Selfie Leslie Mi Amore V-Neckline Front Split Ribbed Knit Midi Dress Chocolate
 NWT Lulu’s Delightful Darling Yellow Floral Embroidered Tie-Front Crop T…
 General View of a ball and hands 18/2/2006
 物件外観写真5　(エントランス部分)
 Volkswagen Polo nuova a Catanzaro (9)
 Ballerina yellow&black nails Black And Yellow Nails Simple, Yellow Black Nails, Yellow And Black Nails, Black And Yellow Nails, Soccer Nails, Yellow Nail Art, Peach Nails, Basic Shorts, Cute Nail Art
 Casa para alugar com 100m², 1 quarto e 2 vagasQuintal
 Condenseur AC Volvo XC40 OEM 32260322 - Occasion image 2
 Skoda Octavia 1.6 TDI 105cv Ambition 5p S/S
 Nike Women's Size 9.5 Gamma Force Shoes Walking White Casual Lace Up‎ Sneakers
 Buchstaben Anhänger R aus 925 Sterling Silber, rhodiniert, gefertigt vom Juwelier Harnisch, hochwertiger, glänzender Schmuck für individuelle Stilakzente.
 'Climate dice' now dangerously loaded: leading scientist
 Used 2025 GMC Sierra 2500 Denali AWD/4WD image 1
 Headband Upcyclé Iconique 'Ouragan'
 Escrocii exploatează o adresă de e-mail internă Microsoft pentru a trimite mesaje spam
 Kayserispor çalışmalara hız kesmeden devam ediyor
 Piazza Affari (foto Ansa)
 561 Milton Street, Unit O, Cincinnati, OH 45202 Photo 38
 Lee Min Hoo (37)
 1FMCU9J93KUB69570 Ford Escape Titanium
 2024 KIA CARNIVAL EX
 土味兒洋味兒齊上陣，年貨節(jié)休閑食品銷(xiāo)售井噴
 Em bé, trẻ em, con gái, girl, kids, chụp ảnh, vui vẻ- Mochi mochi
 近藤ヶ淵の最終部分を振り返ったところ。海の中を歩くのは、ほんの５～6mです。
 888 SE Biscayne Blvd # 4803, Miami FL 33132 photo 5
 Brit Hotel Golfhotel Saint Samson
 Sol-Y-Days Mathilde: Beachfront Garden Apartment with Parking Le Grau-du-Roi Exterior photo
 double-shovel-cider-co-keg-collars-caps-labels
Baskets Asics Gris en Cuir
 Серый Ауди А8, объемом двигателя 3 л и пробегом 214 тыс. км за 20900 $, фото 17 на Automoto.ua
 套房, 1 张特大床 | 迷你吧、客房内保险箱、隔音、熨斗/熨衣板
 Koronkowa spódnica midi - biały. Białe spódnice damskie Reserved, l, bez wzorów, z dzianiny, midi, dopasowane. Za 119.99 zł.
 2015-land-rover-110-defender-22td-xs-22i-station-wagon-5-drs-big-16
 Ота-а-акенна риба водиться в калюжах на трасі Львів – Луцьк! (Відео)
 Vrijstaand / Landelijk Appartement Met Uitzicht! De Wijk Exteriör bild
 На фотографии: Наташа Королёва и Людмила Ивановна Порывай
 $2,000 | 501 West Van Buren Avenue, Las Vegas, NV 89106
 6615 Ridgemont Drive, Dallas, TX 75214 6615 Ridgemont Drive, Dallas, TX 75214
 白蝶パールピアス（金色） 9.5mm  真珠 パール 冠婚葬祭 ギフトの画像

====

Copy out all lines above that include the string "Yellow".

YOUR RESPONSE:
 NWT Lulu’s Delightful Darling Yellow Floral Embroidered Tie-Front Crop T…
 Ballerina yellow&black nails Black And Yellow Nails Simple, Yellow Black Nails, Yellow And Black Nails, Black And Yellow Nails, Soccer Nails, Yellow Nail Art, Peach Nails, Basic Shorts, Cute Nail Art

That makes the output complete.